Gov. Andrew Cuomo of New York recently announced final regulations that require financial services institutions to establish and maintain strict cybersecurity standards and report them to the state's Department of Financial Services.
DFS first proposed the regulation in September and was met with strong opposition from industry groups that said it was too strict. The mandate was revised in December to push back the compliance date. The regulation will take effect on March 1, and financial firms in New York will have until Sept. 1 to comply.
"New York is the financial capital of the world, and it is critical that we do everything in our power to protect consumers and our financial system from the ever increasing threat of cyberattacks," Cuomo said in a statement. "These strong, first-in-the-nation protections will help ensure this industry has the necessary safeguards in place in order to protect themselves and the New Yorkers they serve from the serious economic harm caused by these devastating cybercrimes."
Indeed, the mandate prescribed by the New York DFS "goes beyond even what the SEC and FINRA have put forth," John Cunningham, chief information officer and chief information security officer for Docupace, said.
Financial organizations are being asked to "open the kimono" on their cybersecurity practices and report annually to the state superintendent on gaps in their firms and what they're doing to remediate them, he said. Those reports must be retained for five years, Cunningham said. Cybersecurity programs must also include policies for regularly disposing of nonpublic information it no longer needs.
Financial organizations must report all cybersecurity events, even unsuccessful ones, within 72 hours of discovery, he added.
Justin Kapahi, vice president of solutions and security at External IT, called the mandate "one of the more prescriptive action summaries I've seen in a while."
"Right off the bat, you see that much more prescriptive about the kind of IT policies you have to have, exactly what should make up those IT policies, and how you're supposed to use those policies to measure your risk. That's something that the SEC infers, but [the New York DFS] actually prescribes," Kapahi said.
New Role for CISOs
The regulations require financial institutions to assess their risks and maintain a cybersecurity program that will "protect the confidentiality, integrity and availability" of their information systems. Among the specific actions they must take are to identify and assess risks to their systems; implement "defensive infrastructure"; detect and respond to cybersecurity events; to recover from a cybersecurity event and resume normal operations; and to report on their program annually to DFS.
Cunningham pointed out some areas where financial organizations may struggle to meet the mandate's regulations.
One is in the requirement to have a "qualified person" in the chief information security officer role. "In the past, companies just designate their CFO as the CISO, but that's probably not going to be OK anymore."
Cunningham recommends organizations that want to hire their own CISO look for someone with experience and professional designations like the Certified Information Systems Security Professional.
The regulation explicitly allows financial businesses to use an affiliate or third party as a CISO, but requires that the firm retain responsibility for cybersecurity compliance and designate someone within the firm to be responsible for the third-party CISO, who must also meet the requirements of the mandate.
"The firms themselves have to understand what's going on.

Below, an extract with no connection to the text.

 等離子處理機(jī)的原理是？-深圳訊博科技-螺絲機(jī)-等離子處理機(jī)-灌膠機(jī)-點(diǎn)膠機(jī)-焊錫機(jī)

You might have all these capabilities, but not all of them turn them on, or they refuse to," Kapahi said, noting some clients will refuse even to use two-factor authentication. "I personally have to get on the phone and argue with people."

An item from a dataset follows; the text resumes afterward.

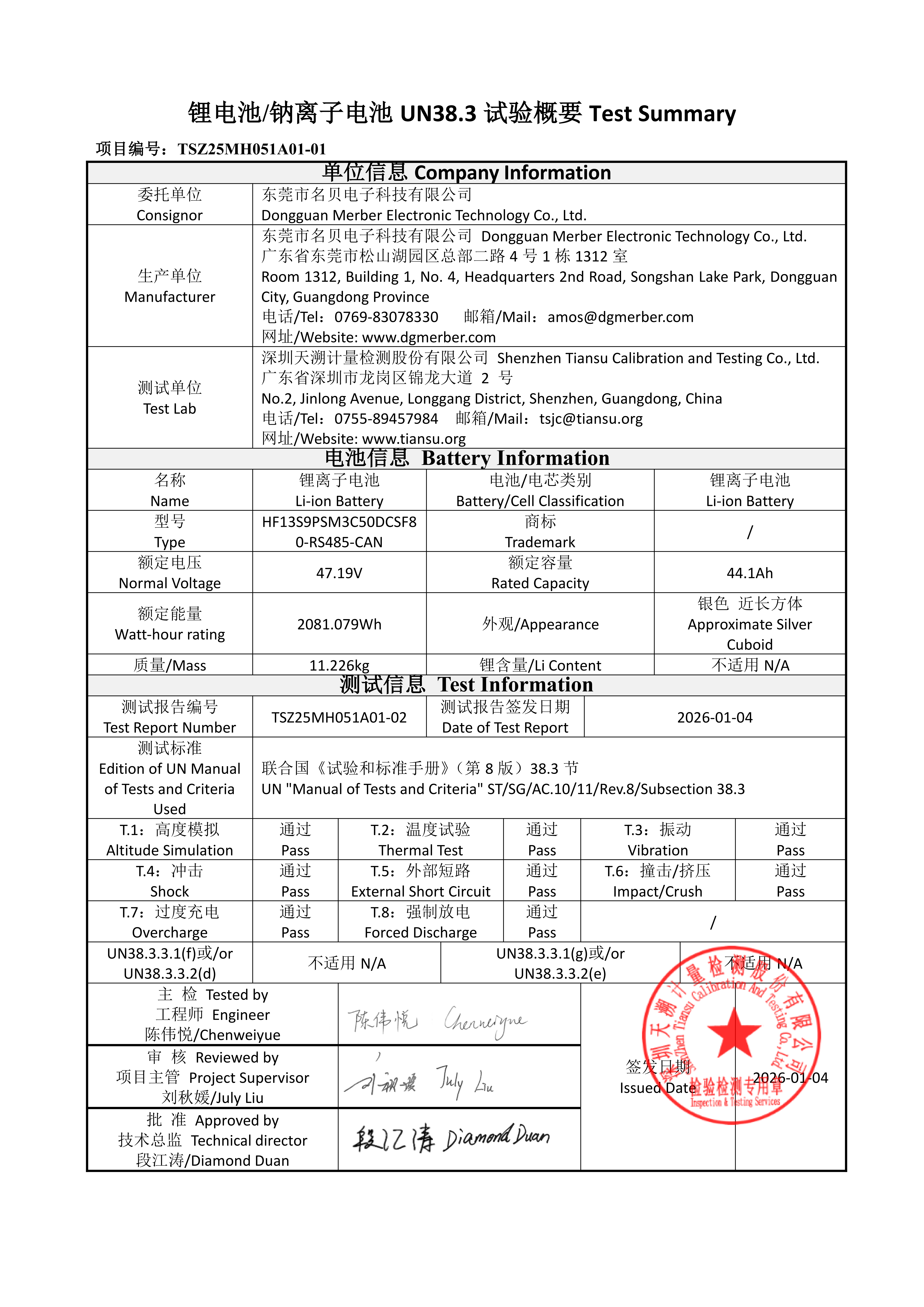UN38.3 Test Summary for Battery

Cunningham said, "The role of the CISO has been elevated by this law. It really talks to the need for the CISO to be engaged at the highest levels of the business to provide a written annual report to the board of directors."
Kapahi said that getting a qualified person in the CISO role is something organizations should move quickly on, but when he conducts security assessment, he finds "more often than not, the person assigned to the security of the company is someone who is not even remotely qualified to do so."
In addition to the difficulty finding someone qualified to act as the CISO, firms may struggle to find someone who wants to take on the challenge. The law "places enormous responsibility on the CISO," Cunningham said, and "a lot of personal, civil and potential criminal liability if the CISO misrepresents" the financial institution's cybersecurity practices.
The easiest action in the mandate for advisors to address, and in the nearest term, would be the requirement to implement security awareness training for staff, Kapahi said. "Most IT providers now can help you administrate that."
He added that employees are the biggest cybersecurity risk to financial businesses. "If you look at all cybercrime," he said, "90%-plus is due to employee misuse of the system, or not [recognizing] a phishing attempt."
There are some exemptions to who is covered by the regulation. Financial institutions with fewer than 10 employees are exempt. Those with less than $5 million in gross annual revenue in each of the last three fiscal years, and those with less than $10 million in year-end total assets, are also exempt.
However, Kapahi noted that's in "exact opposition to the SEC's priority letter, which prioritizes smaller firms."
"The game has changed. You can't just take a technology guy or your CFO and make him your CISO anymore," Cunningham said.